Quick setup

First, if you’ve not already, sign up for an account at git.gay. This is where you’ll put your repository. Your username on git.gay will be used as your subdomain (e.g., username.pages.gay).

Personal pages

If all you’d like is to make a page for yourself (or your organisation), create a repository on git.gay with the name pages. Follow the instructions there to create a local repository or to push an existing one. Be sure to name the homepage file index.html.

Remember that pages.gay caches files. After pushing changes to your files, it could take some time (up to 15 minutes) for them to appear on pages.gay. To remedy this, you can hard-refresh with Ctrl + Shift + R, which will have pages.gay update the cache.

Repository pages

If you’d like to create a page for a project, like username.pages.gay/repo, you could just add a folder for it on your personal pages repo. This could get inconvenient, though. Instead, pages.gay allows for repositories to have their own page.

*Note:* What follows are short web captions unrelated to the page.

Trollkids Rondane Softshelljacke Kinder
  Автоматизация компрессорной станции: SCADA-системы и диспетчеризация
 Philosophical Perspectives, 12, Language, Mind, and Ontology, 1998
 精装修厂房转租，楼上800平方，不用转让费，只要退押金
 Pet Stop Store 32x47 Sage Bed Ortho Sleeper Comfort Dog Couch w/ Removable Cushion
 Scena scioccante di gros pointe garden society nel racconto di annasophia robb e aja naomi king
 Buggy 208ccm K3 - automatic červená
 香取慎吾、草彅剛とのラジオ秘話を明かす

Create a new, empty branch in your repository called pages:

git switch --orphan pages
git rm --cached -r .

Push your static files in this branch to the repository, and visit username.pages.gay/repo or repo.username.pages.gay in a browser.

Non-default branches

If your repository is called pages, by default pages.gay uses the default branch (main for most repos). Otherwise, pages.gay uses the pages branch. If you’d like to use a different branch, you can visit a more specific domain, like https://branch.repo.username.pages.gay. These domains cannot use the default wildcard certificate used for username.pages.gay pages, so it may take a moment for the page to load as the certificate is issued, but then it’ll work as usual.